In Background, Ukraine

By Mark Adomanis, Forbes magazine, Feb 9, 2015, reprinted in Russia Insider

Earlier reports, including my own, that Ukraine’s currency lost 30% of its value were not entirely accurate. The reality was actually quite a bit worse: the hryvnia shed roughly 50% of its value over the course of just two days, a stunning rout that places the country a hair’s breadth away from default.

National Bank of Ukraine

National Bank of Ukraine

Ukraine’s foreign currency reserves are now down to a minuscule $6.42 billion (and falling!), enough to cover just five weeks worth of imports. The usually accepted rule of thumb among economic analysts is that a country needs at least six months worth of “import cover,” and that anything less than 3 months is a crisis situation.

Unless it receives substantial assistance in the immediate future, Ukraine will have less than a month’s worth of foreign currency: if reserves go much lower than they are at the moment, the country could quite literally run out of dollars and euros.

For some reason that isn’t quite clear to me, discussion among Western experts has overwhelmingly centered not on the imminent economic apocalypse facing Kiev, but on whether or not the United States should supply it with advanced weapons systems to beat back the Russians. Consider, for example, what Alexander Motyl had to say at Foreign Affairs (the only time he mentioned Ukraine’s economy in a article dedicated to analyzing the ongoing crisis):

[Putin] has no way to erode Ukraine’s economy without simultaneously destroying Russia’s.

I’ve seen very similar formulations from other analysts, upbeat statements that amount to “yeah things look a little dicey at the moment but don’t worry, Ukraine’s economy will be fine.” This optimistic assessment of Ukraine’s economic position fundamentally misrepresents the power dynamics between Moscow and Kiev.

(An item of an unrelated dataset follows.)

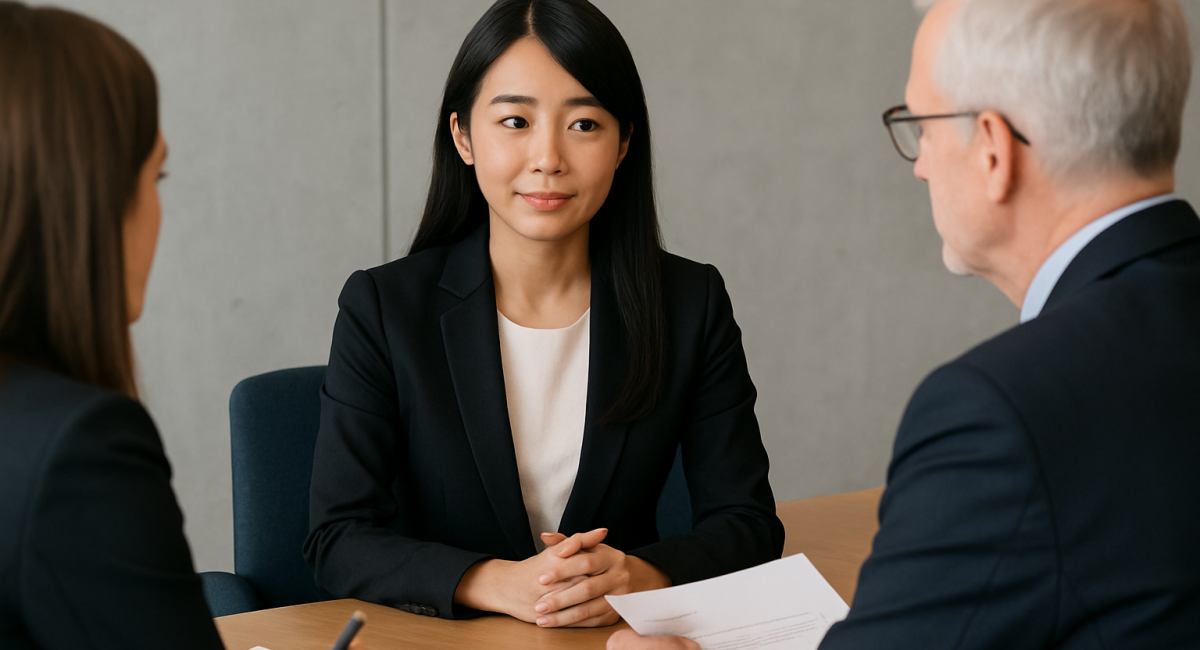 Japanese woman in job interview with Westerners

Ukraine is obviously important to Russia economically, but it isn’t crucial. According to official statistics, in 2013 Russia actually conducted more foreign trade with Italy than it did with Ukraine. Total foreign trade between Russia and Ukraine was smaller than Russia-Germany and Russia-China trade, and was roughly on the same order of magnitude as Russia’s trade with Turkey ($39 billion with Ukraine in 2013 versus about $34 billion with Turkey). No one would seriously argue that Turkey has some kind of overwhelming economic leverage on Russia, so why would Ukraine have such?

It might be inconvenient to note, but Russia is positively crucial to Ukraine’s economy not merely as a source of raw materials and energy but as a destination for industrial production that would otherwise be unable to find willing customers. According to Ukrainian government data, Russia accounted for roughly a quarter of the country’s total foreign trade. The equivalent figure from the Russian side? Somewhere between six and seven per cent. Given that reality, Russia’s leverage over Ukraine is obviously much greater that Ukraine’s leverage over Russia.

Unless the West steps in to massively aid Ukraine’s economy in the very near future, the country will simply not be able to afford the “anti-terror operation” in the East. Justification has nothing to do with it: without money, it just isn’t possible to field a modern military.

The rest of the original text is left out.